Abstract
The present invention relates to a self-sampling kit and method for the universal sampling of at least one specimen such as a cell, cell residue, DMA, RNA, protein, virus, bacterium, parasite or fungus from the vaginal and/or rectal cavities of humans and animals, said kit comprising a self-sampling cloth (10) made of a flexible fabric with an absorbancy of 3.5 g/g or less and a sealable recipient (50) for storing and transporting said sampling cloth (10). The present invention also relates to the use of the self-sampling cloth (10) for self-sampling of at least one specimen from bodily cavities of humans and animals, for instance for diagnosing an STI, such as an HPV infection.
Claims
1-44. (canceled)
45. Self-sampling kit for self sampling at least one specimen from bodily cavities of humans and animals comprising a sampling cloth (10) made of a flexible fabric with an absorbancy of 3.5 g/g or less and a sealable recipient (50) for storing and transporting said sampling cloth (10).
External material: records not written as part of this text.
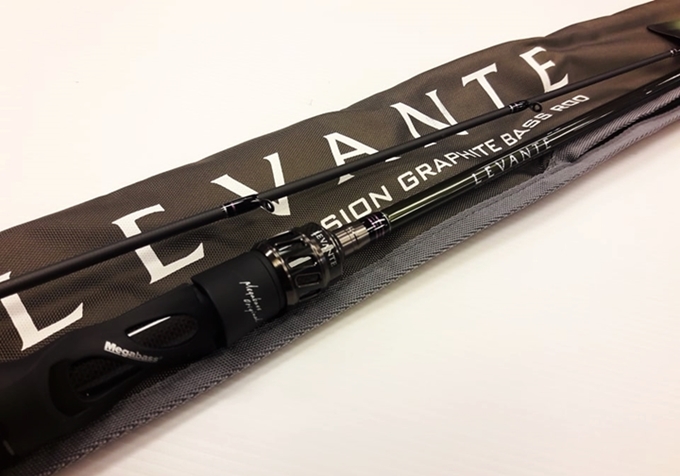 NEW ROD MEGABASS LEVANTE F2-64LV 2P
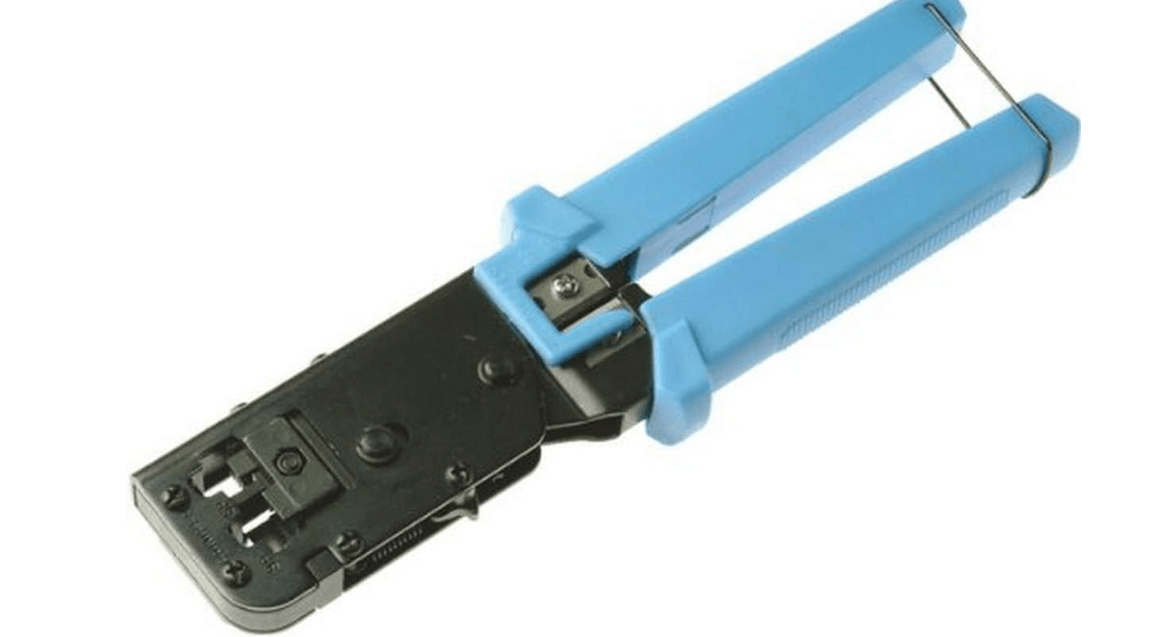 Platinum Tools EZ-RJ45 Crimp Tool for RJ-11, RJ-12 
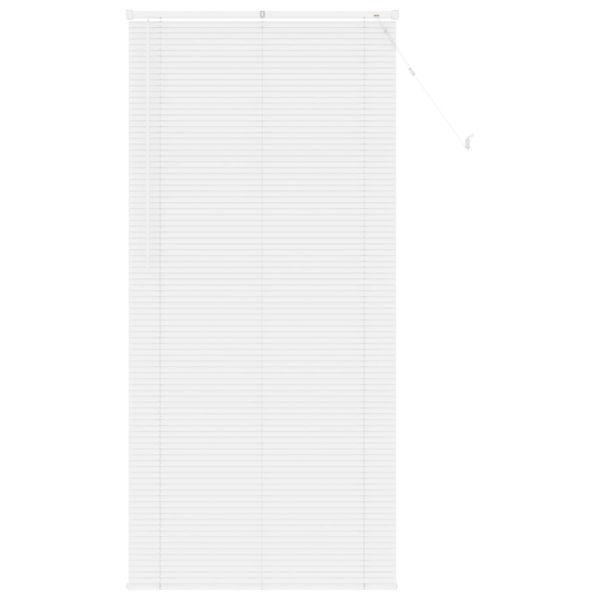Венецианска щора Бял 213 x 70 см 25 mm ПВЦ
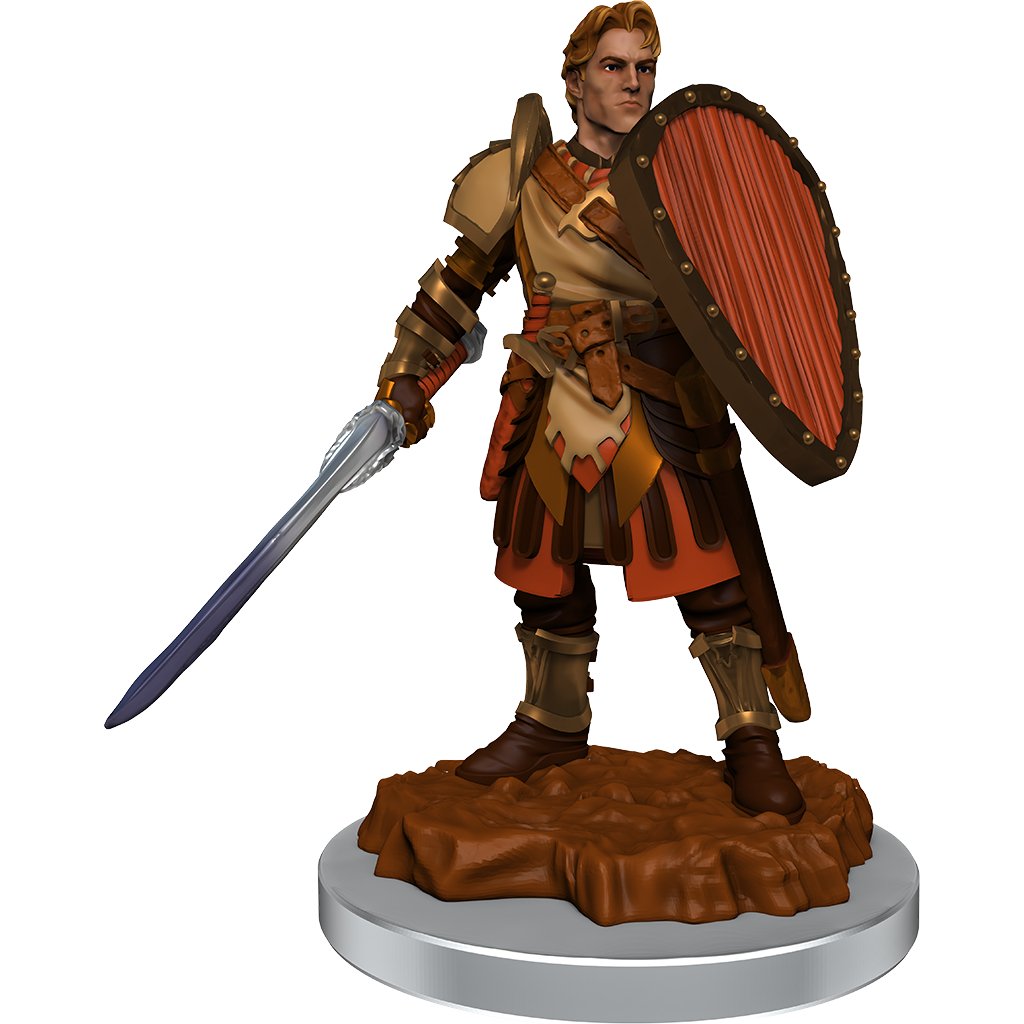 Human Fighters: Nolzur's Marvelous Miniatures - Mini Megastore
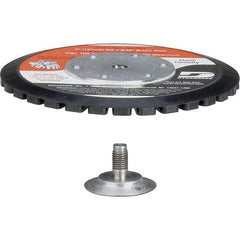 Dynabrade - 5" Diam Disc Backing Pad - Hard Density, 12,000 RPM - Benchmark Tooling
46. Self-sampling kit according to claim 45, wherein said at least one specimen is a cell, cell residue, DNA, RNA, protein, virus, bacterium, parasite, or fungus.
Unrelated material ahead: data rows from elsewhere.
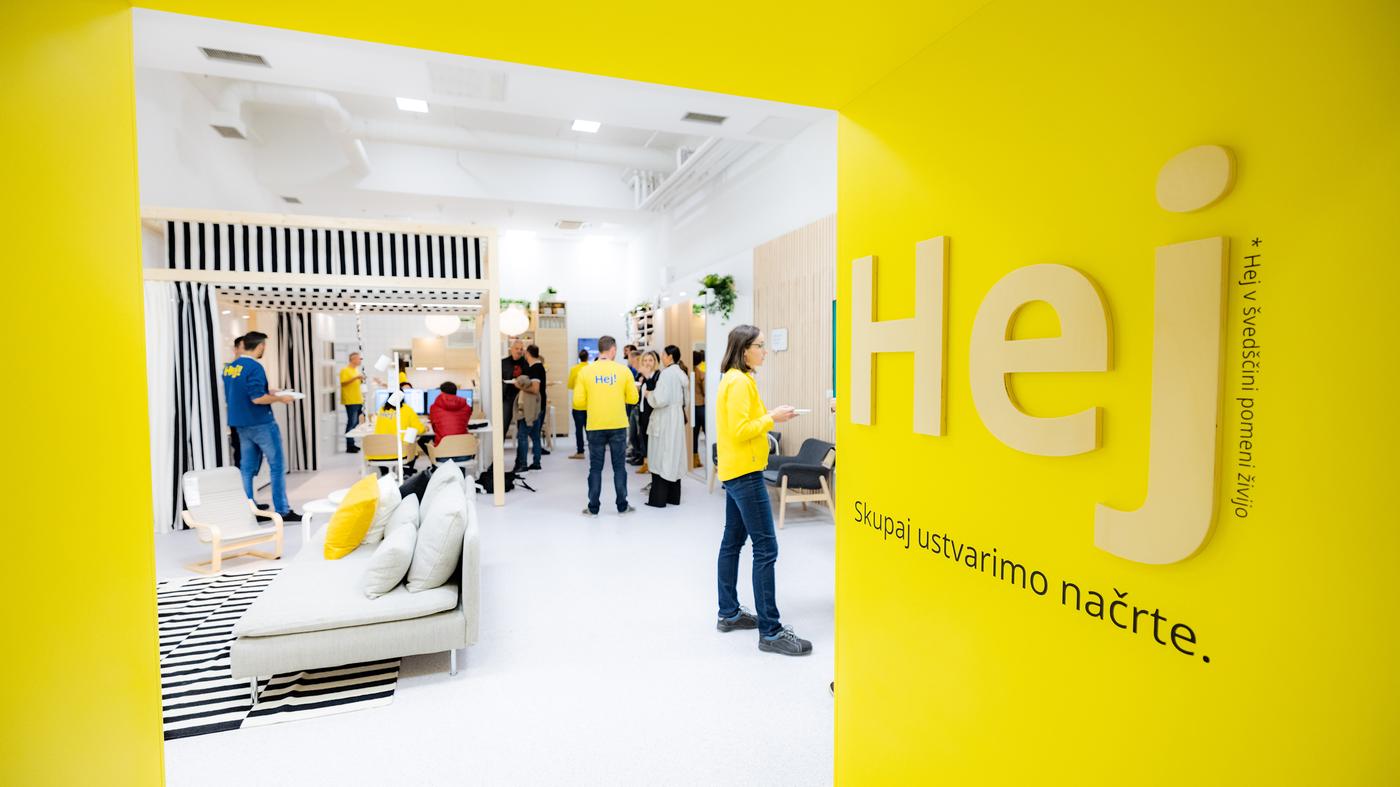 Spoznaj Studio IKEA v Mariboru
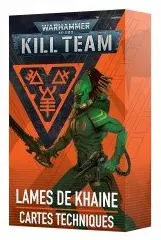 Cartes Techniques Kill Team...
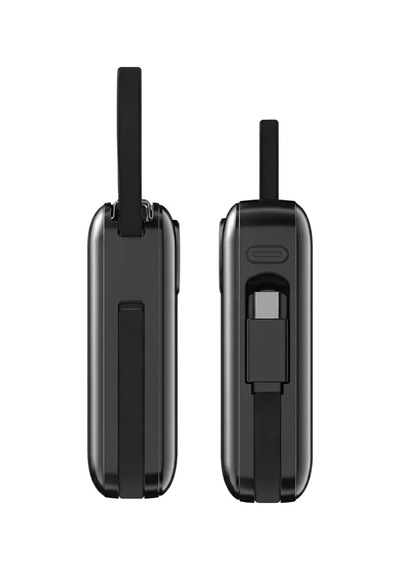 Dexim 10.000 Mah 45w Lightning Type-c Kablolu Hızlı Taşınabilir Güç Kaynağı Çok Renkli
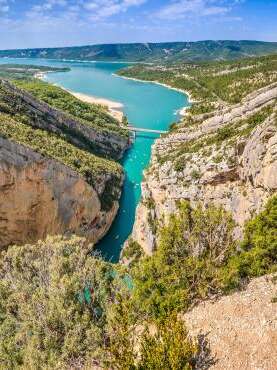 Itinérance dans les Gorges du Verdon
47. Self-sampling kit according to claim 45, wherein, wherein said bodily cavities are the vaginal cavity (30) and/or the rectal cavity (40).
48. Self-sampling kit according to claim 45, wherein said sampling cloth (10) is made of a fabric with a thickness of 3 mm or less, preferably 2 mm or less, more preferably 1 mm or less, most preferably 0.6 mm or less.
49. Self-sampling kit according to claim 45, wherein said sampling cloth (10) has dimensions so that, after insertion, part of said sampling cloth (10) protrudes outside the bodily cavity.
50. Self-sampling kit according to claim 45, wherein said sampling cloth (10) is made of at least one sheet of fabric (1) and/or comprise one or more fringes (2), such as stripes or cords.
51. Self-sampling kit according to claim 50, wherein said sampling cloth (10) comprises a multitude of fringes (2) or at least one fringe (2), which is folded to form a multitude of fringes (2), together with means to hold said fringes (2) together.
52. Self-sampling kit according to claim 51, wherein at least one of the fringes (12) has a length sufficient to protrude outside the bodily cavity.
53. Self-sampling kit according to claim 45, wherein said sampling cloth (10) is further provided with means of removal (16) for removing said sampling cloth (10) from the bodily cavity, such as at least one thread, string, strip, ribbon, wire.
54. Self-sampling kit according to claim 45, wherein the sealable recipient (50) has the dimensions adapted to house the entire sampling cloth.
55. Self-sampling kit according to claim 45, wherein the sealable recipient (50) further contains means for preserving or preparing the specimen, such as saline water or culture medium.
56. Self-sampling kit according to claim 45, wherein the sealable recipient (50) is a plastic jar or tube provided with a thread cap.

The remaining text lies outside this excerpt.